Much of Nutt's noterity (see, even his last name implies a form of mental instability that is only found at Arkham Asylum) came during his stint as head coach at Arkensas where he was afforded the luxury of coaching Darren McFadden - arguably the greatest running back in the 2007 season. Nutt's offensive strategy was brilliant in it's simplicity - "run left, run right, run middle." When the strategy of "run" wasn't working, McFadden could also throw the football (having played under center much of his high school career) and threw for 2 TDs in the 2007 season. Further, McFadden could line up as a running back and motion out as a wide receiver (since he played that in HS, also) just to keep defenses on their toes. It's plain to see that much of the strategy was "get the ball to the guy with talent." A strategy that will get you far in the NCAA.



Upon his arrival to Ole Miss, Nutt turned a sinking ship around, and performed admirably in the SEC this year - handing future national champion Florida it's only loss of the season by simply out crazying Urban Meyer's squad. This lead to a Cotton Bowl berth against the Texas Tech Red Raider, and Coach Rainman. This matchup of Coach "Bat Shit Insane" versus the poster boy for autism in coaching was one of the most exciting matchups (to me) on paper of the year. Ole Miss was an 8 pt underdog, and ended up clamping down the nation's top offense - "holding" them to a "paltry" 34 pts. 34 pts is gaudy, if you're in the Big 10, where 10 pts is considered an offensive explosion, but Texas Tech came into the game averaging 36 pts / game with 6 games having 49 or more pts.





I CAN HAZ FOOTBALL PLAYERZ?


This season, Ole Miss is the bandwagon team that everyone is riding. With an incoming class that tops the nation, having a marginally successful SEC season, and coming of a major bowl upset, multiple sources have put Ole Miss as the Heir Apparent to the SEC crown. Me - I'm not buying it. I've read too many comic books in my life to know that "Crazy as a Sack of Rabid Weasles" does not equal "Greatness." And in God's Conference (The SEC) - you have to have greatness to succeed.





YOOOOUUUUUU! Go On and Crank Dat Soilda Boy.


As an added bonus, ESPN wired up Coach Giggity during some of the Cotton Bowl practices. After watching this video, I firmly believe that Houston Nutt wakes up each and every morning in his Yosemitie Sam pajama bottoms to the sound of a freight train air horn. He then splashes a pot of boiling hot coffee in his face to get the endorphins moving, and squat thrusts a '68 Chrysler Lebaron.

This is the type of man that I will demand is my room mate when I get to the point in my life where I have to live in a nursing home. I will never watch a day of TV in my room. I will never do a crossword. I will never play cards. I will simply watch this human being live their life, and I will never be bored.

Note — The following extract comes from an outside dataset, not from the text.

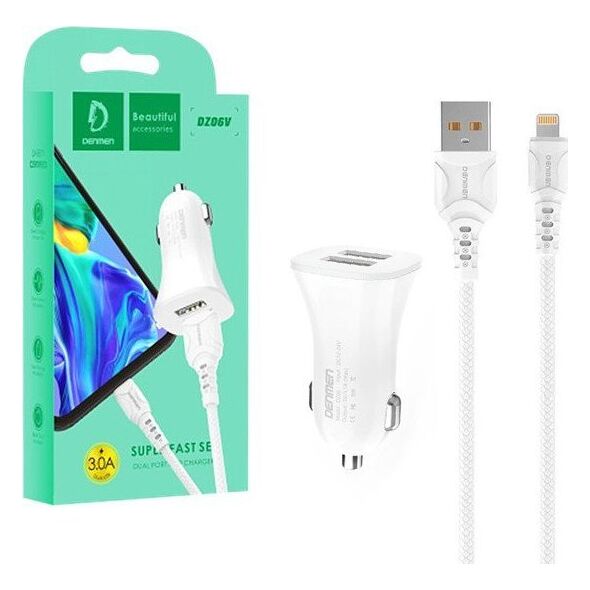 Ładowarka Vega ŁADOWARKA SAMOCHODOWA 3A + KABEL IPHONE BIAŁA DENMEN 3100mA DUAL FAST CHARGING 2XUSB DZ06L 15W>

University of Mississippi - Ole Miss
Location: Oxford, Mississippi
Mascot: Colonel Reb

Why Hate Them: Their coach is crazier than yours. Plus they are this year's media darlings. LSU beating them Nov 21 (assuming both teams are still undefeated) will go a long way towards an SEC Championship.
Road Trip Worthiness: It's best not to experience insanity this close up. Your safest bet is to stay seated at home and admire Mr Crazy on the Magic Talking Picture Box.